Using the listing below, set down exactly the lines from the one that contains "楽天ブックオフ 楽天市場店【中古】 なぜか仕事が速い人のパソコンの使い方" through the one that contains "蓝色摄影风探寻彩云之南：云南旅行全攻略PPT模板.pptx_第10页", with no pictures.

(Dataset entries):
......

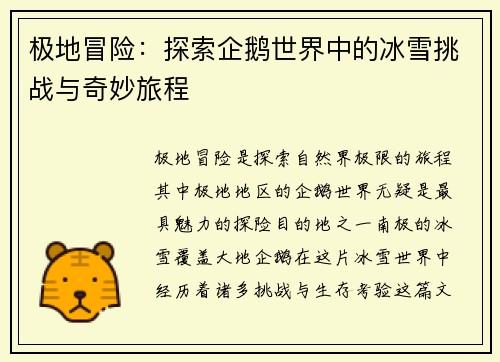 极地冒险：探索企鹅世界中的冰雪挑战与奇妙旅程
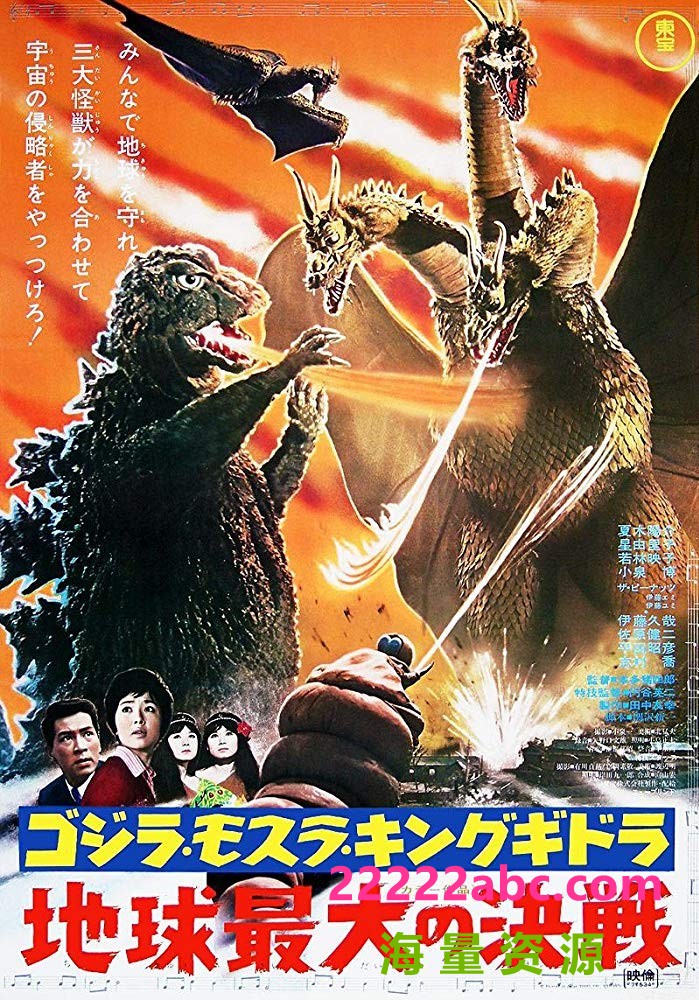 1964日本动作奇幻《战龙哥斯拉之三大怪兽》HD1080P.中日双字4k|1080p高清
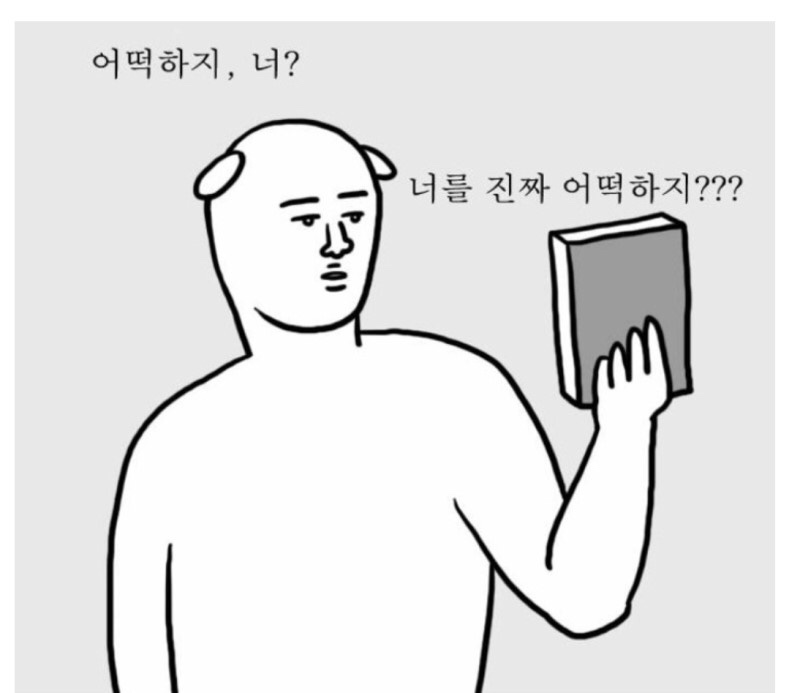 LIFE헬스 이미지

......

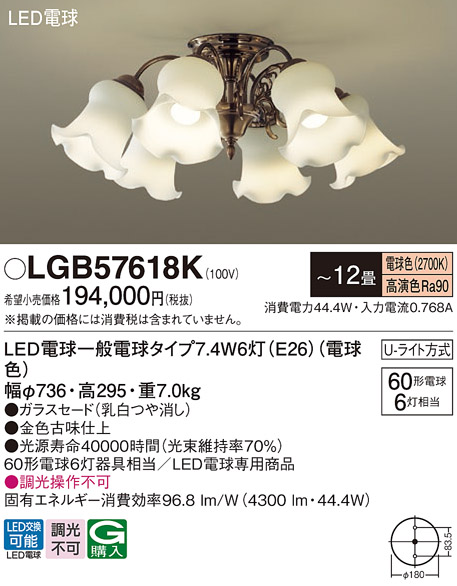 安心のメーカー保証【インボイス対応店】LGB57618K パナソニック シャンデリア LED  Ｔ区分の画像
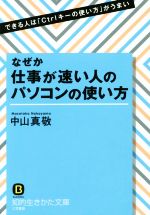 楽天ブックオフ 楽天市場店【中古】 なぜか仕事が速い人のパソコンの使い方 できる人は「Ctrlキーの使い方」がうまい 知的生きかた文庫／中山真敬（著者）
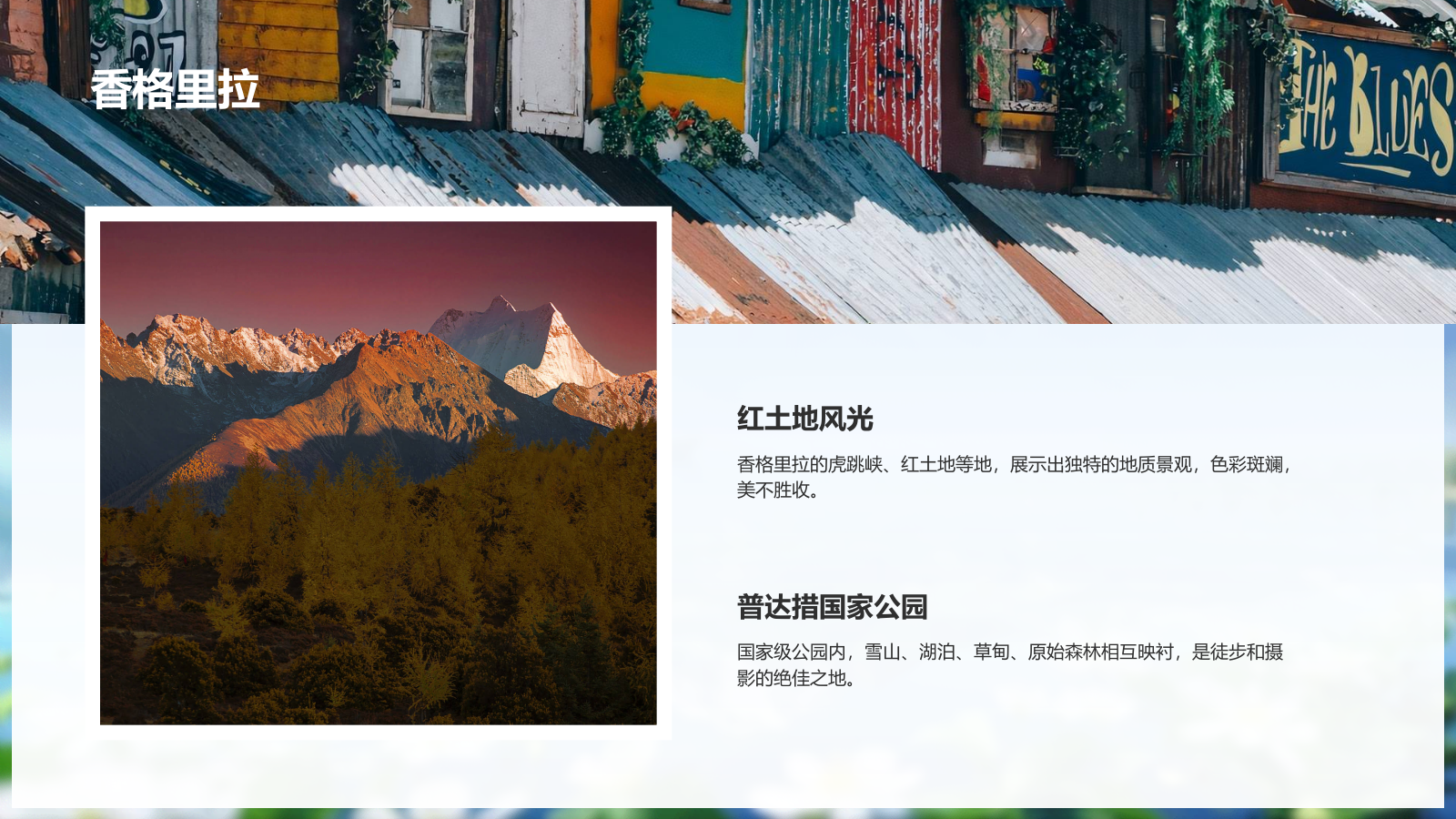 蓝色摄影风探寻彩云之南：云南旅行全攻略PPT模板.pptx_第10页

......

(Answer to this task):
 楽天ブックオフ 楽天市場店【中古】 なぜか仕事が速い人のパソコンの使い方 できる人は「Ctrlキーの使い方」がうまい 知的生きかた文庫／中山真敬（著者）
 蓝色摄影风探寻彩云之南：云南旅行全攻略PPT模板.pptx_第10页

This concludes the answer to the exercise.